A resume composition outline and sample resume for experienced Software Engineering professionals.
© Copyright 1994 by Integrated Resource Search, Inc. dba Lee Johnson International. All rights reserved.

PLEASE SEND US A COPY OF YOUR COMPLETED EasyResume™.
When we receive your completed EasyResume™, we will send you EasyOffers™, our interview advice outline based on our observations of interviews since 1972.

DOWNLOAD a template of EasyResume™ (MS word format) and get started on the road to a successfull career.


WHY YOU SHOULD ALWAYS HAVE A CURRENT RESUME

The best time to investigate new opportunities is when you don't have to! Keeping your career moving upward should be a continuing activity, not just something you do when you decide (or are forced) to "look around." What you should do is map-out a definite CAREER MANAGEMENT PROGRAM!
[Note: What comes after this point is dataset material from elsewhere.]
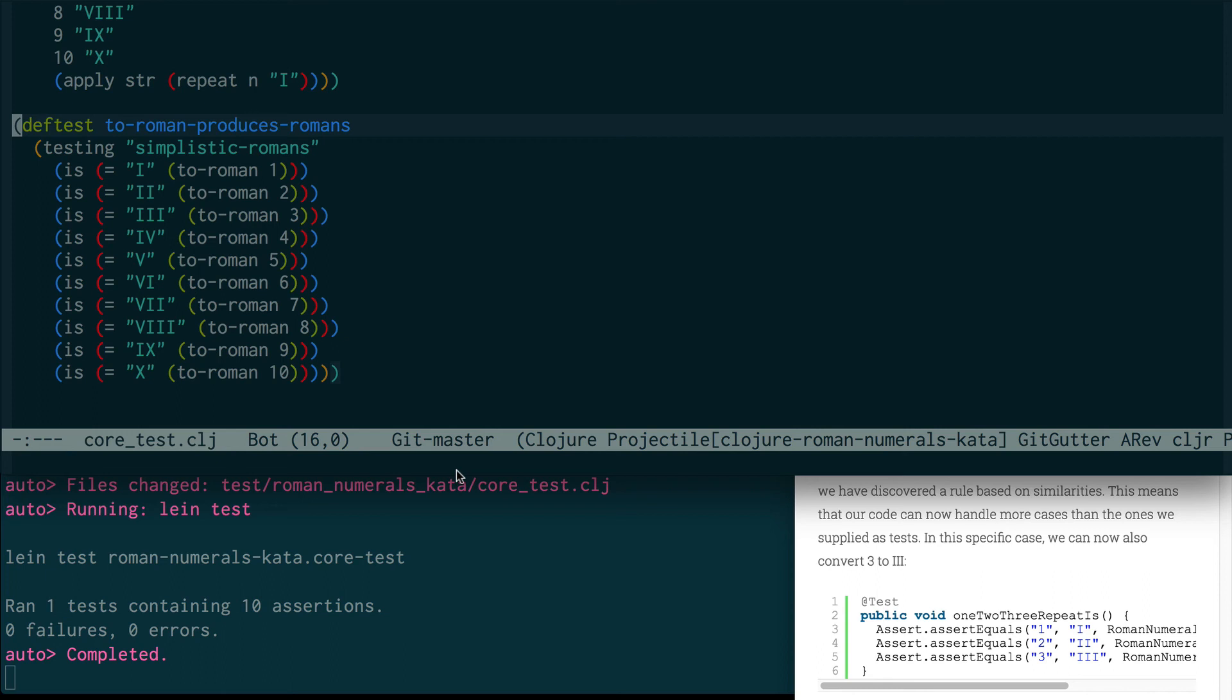Hello, my name is Eric Normand, and I teach Clojure. One of my students asked me to do a code review, and he kind of got stuck working on a Roman numeral kata, and so he wants some help moving forward.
The first step in establishing a CAREER MANAGEMENT PROGRAM is to prepare a good resume ....... our EasyResume™.

There are several good reasons for having a current resume other than looking for another job:

(1) at review time, you can show your boss all the extra things you have done (in addition to your job description duties) so your boss can justify giving you an above average raise;

(2) when you get a new boss, or are trying to persuade a candidate to accept your offer (both of whom should know all the extra work you do that's not in your Job Description, as well as your accomplishments at other companies);

(3) when your company has a reorganization;

(4) when you are asked to be on a technical conference panel, and the moderator needs information to introduce you properly;

(5) when you apply for a big loan (it's very effective to attach your resume to the loan application);

(6) when an exceptional opportunity comes along;

(7) a resume prepared when you are employed will probably reflect a higher self-esteem than if prepared when you are under pressure to look for another job. If you update and polish your resume annually, it will be much more effective than one thrown together on the spur-of-the-moment.

Nevertheless, most people only think about their resume when they are considering changing jobs. As a result, many deficient, flawed, and poorly constructed resumes are in circulation today, and many people are not achieving their goals and career growth potential.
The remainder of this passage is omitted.